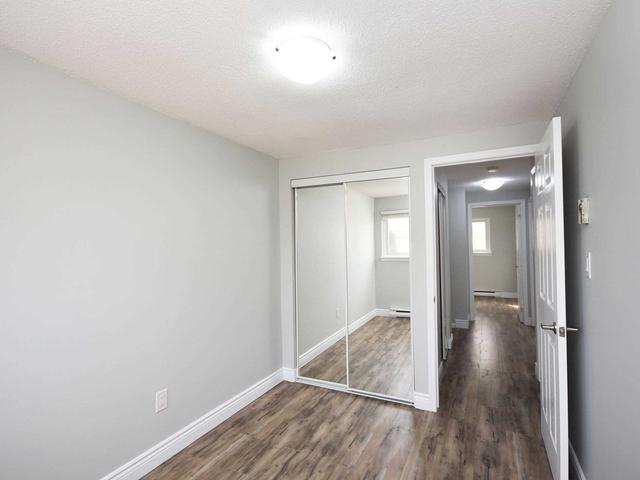 30 Darras Crt, Townhouse with 4 bedrooms, 2 bathrooms and 1 parking in Brampton ON | Image 21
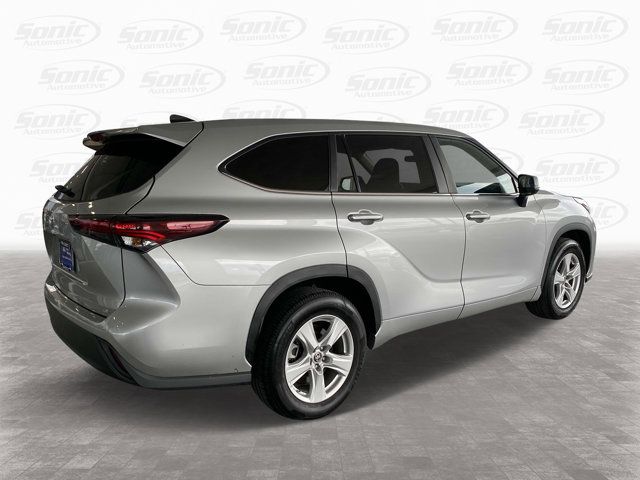 2024 Toyota Highlander LE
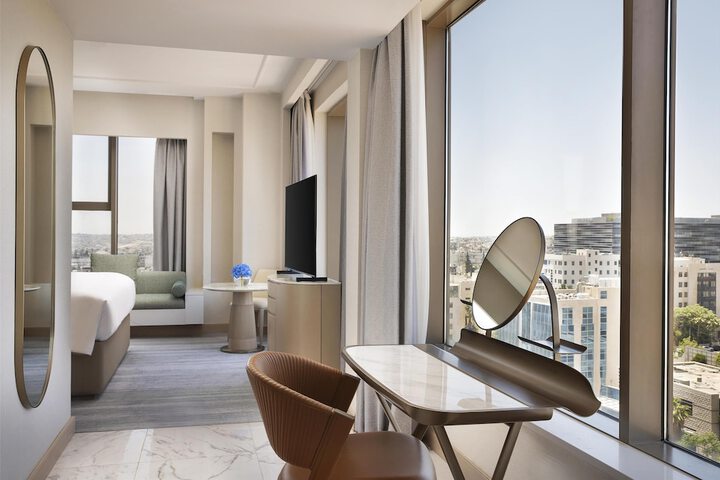 Room 55 of 231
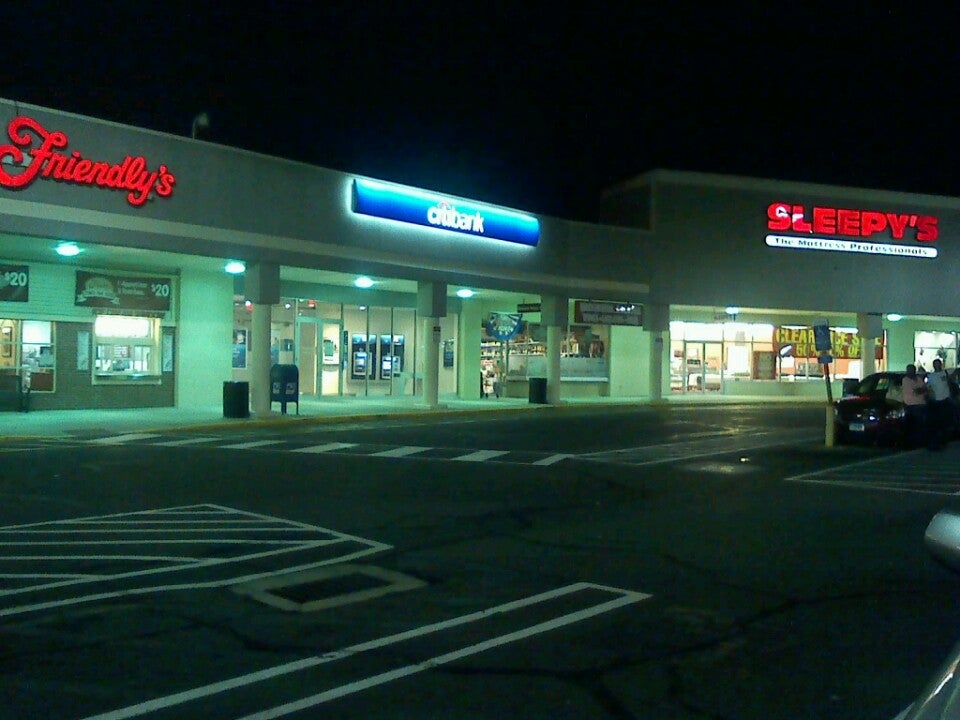 Brookside Shopping Center, 4531 Main St, Bridgeport, CT, Shopping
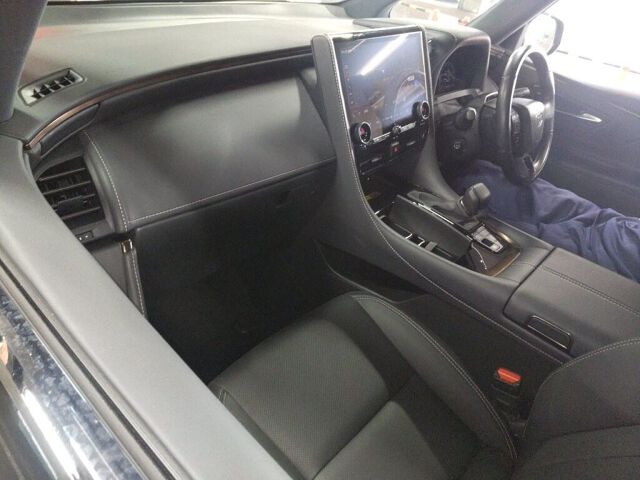 2023 Toyota Alphard Z auction photo 3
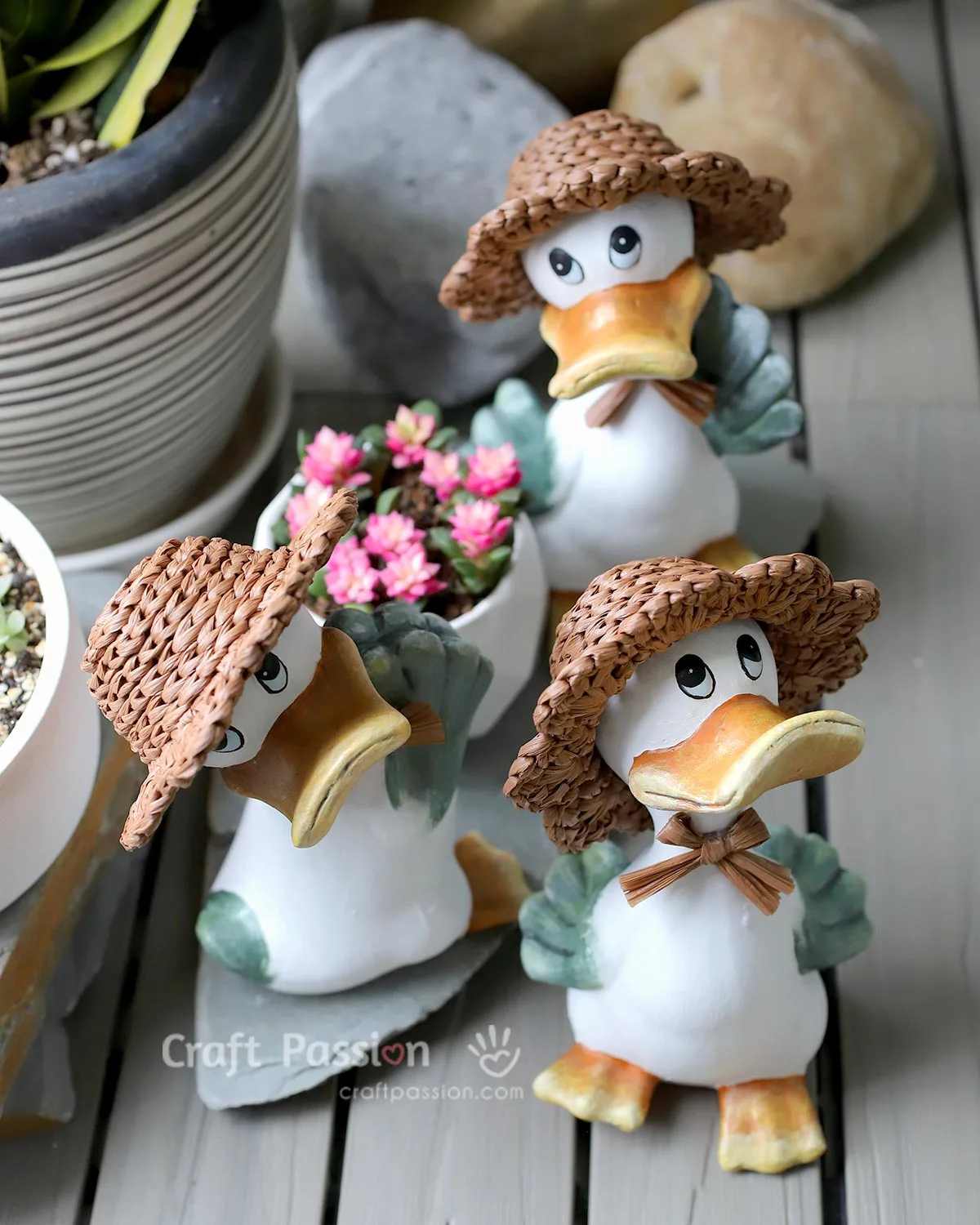 crochet mini sunhat to update my garden ducklings after giving them a fresh coat of paint.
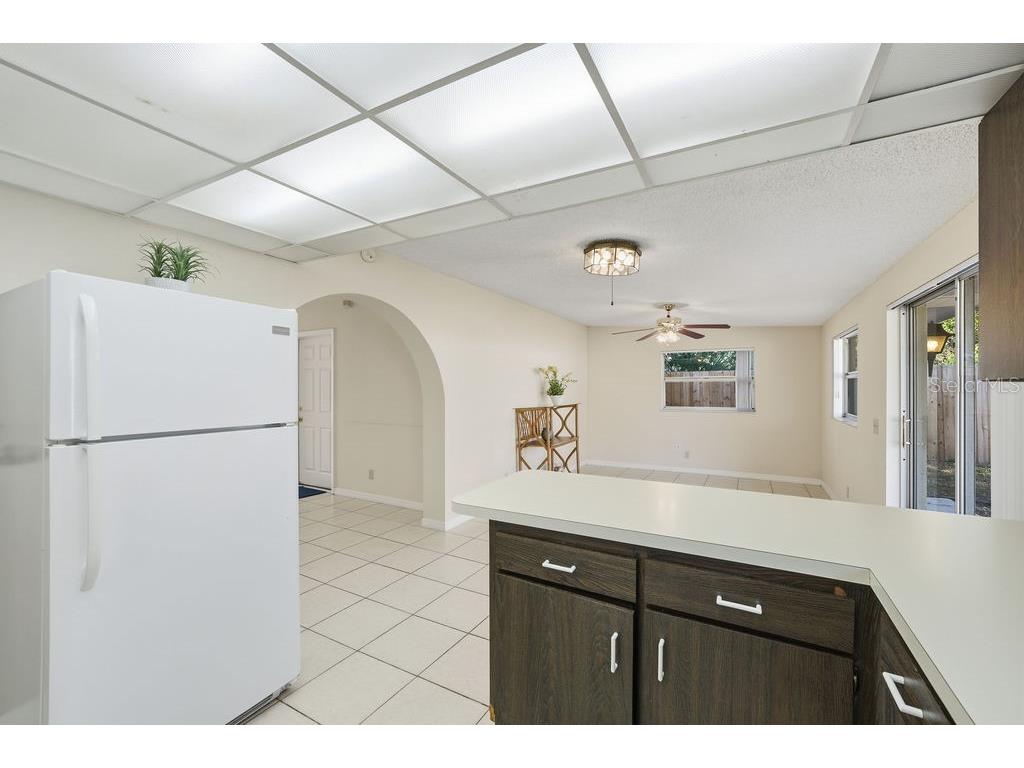 2105 W Barclay Road Tampa FL 33612 A4672472 image27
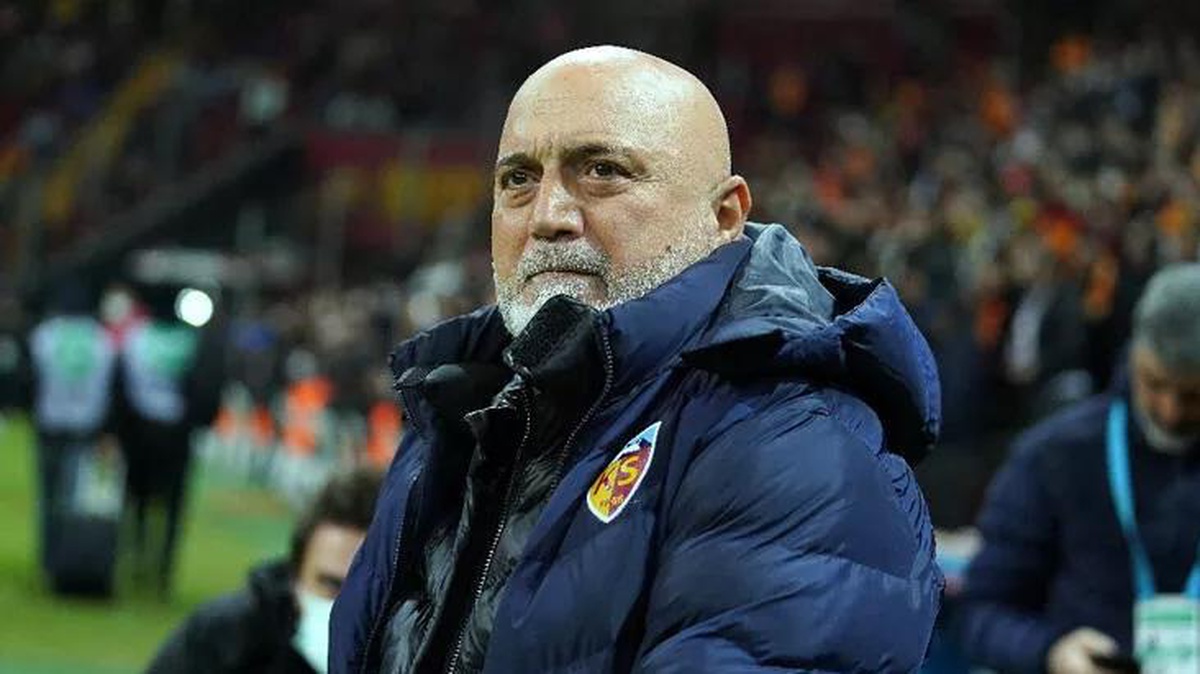 Kayserispor\'da şaşırtan ayrılık! Hikmet Karaman dönemi bitti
________________________________________
-- YOUR OBJECTIVE --
Nothing but the pictures may be dropped as you repeat the listing above exactly.

-- RESULT OF THE TASK --
 30 Darras Crt, Townhouse with 4 bedrooms, 2 bathrooms and 1 parking in Brampton ON | Image 21
 2024 Toyota Highlander LE
 Room 55 of 231
 Brookside Shopping Center, 4531 Main St, Bridgeport, CT, Shopping
 2023 Toyota Alphard Z auction photo 3
 crochet mini sunhat to update my garden ducklings after giving them a fresh coat of paint.
 2105 W Barclay Road Tampa FL 33612 A4672472 image27
 Kayserispor\'da şaşırtan ayrılık! Hikmet Karaman dönemi bitti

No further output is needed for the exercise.